▶ [SOURCE RECORDS]:

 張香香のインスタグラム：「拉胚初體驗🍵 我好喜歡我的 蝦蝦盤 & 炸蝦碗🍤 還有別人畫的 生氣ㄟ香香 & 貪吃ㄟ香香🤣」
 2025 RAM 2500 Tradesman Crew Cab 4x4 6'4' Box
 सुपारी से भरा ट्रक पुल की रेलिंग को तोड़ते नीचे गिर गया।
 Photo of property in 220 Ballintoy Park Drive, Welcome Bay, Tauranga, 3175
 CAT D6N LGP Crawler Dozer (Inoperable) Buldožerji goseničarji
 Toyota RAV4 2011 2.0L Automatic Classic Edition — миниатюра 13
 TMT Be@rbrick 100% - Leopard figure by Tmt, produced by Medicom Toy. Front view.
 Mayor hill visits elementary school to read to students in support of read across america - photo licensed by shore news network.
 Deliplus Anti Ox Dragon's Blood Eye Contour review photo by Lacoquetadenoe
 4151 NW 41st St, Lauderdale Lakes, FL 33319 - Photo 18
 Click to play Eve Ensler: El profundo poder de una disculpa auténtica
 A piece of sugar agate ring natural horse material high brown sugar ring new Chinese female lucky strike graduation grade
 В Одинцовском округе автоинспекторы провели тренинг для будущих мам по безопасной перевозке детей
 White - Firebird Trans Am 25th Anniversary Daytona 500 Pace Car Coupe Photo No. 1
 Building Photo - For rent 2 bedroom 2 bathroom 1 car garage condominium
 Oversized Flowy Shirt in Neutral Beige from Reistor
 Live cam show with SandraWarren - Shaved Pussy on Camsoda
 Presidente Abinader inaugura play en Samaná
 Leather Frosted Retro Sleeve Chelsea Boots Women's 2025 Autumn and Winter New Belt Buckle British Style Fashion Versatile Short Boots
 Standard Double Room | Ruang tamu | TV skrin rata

▶ [REQUIRED ACTION]: Your answer must be the line with "CAT D6N LGP" and all lines after it through the final line of the entries, copied exactly and with nothing added.

▶ [ANSWER BOX]:
 CAT D6N LGP Crawler Dozer (Inoperable) Buldožerji goseničarji
 Toyota RAV4 2011 2.0L Automatic Classic Edition — миниатюра 13
 TMT Be@rbrick 100% - Leopard figure by Tmt, produced by Medicom Toy. Front view.
 Mayor hill visits elementary school to read to students in support of read across america - photo licensed by shore news network.
 Deliplus Anti Ox Dragon's Blood Eye Contour review photo by Lacoquetadenoe
 4151 NW 41st St, Lauderdale Lakes, FL 33319 - Photo 18
 Click to play Eve Ensler: El profundo poder de una disculpa auténtica
 A piece of sugar agate ring natural horse material high brown sugar ring new Chinese female lucky strike graduation grade
 В Одинцовском округе автоинспекторы провели тренинг для будущих мам по безопасной перевозке детей
 White - Firebird Trans Am 25th Anniversary Daytona 500 Pace Car Coupe Photo No. 1
 Building Photo - For rent 2 bedroom 2 bathroom 1 car garage condominium
 Oversized Flowy Shirt in Neutral Beige from Reistor
 Live cam show with SandraWarren - Shaved Pussy on Camsoda
 Presidente Abinader inaugura play en Samaná
 Leather Frosted Retro Sleeve Chelsea Boots Women's 2025 Autumn and Winter New Belt Buckle British Style Fashion Versatile Short Boots
 Standard Double Room | Ruang tamu | TV skrin rata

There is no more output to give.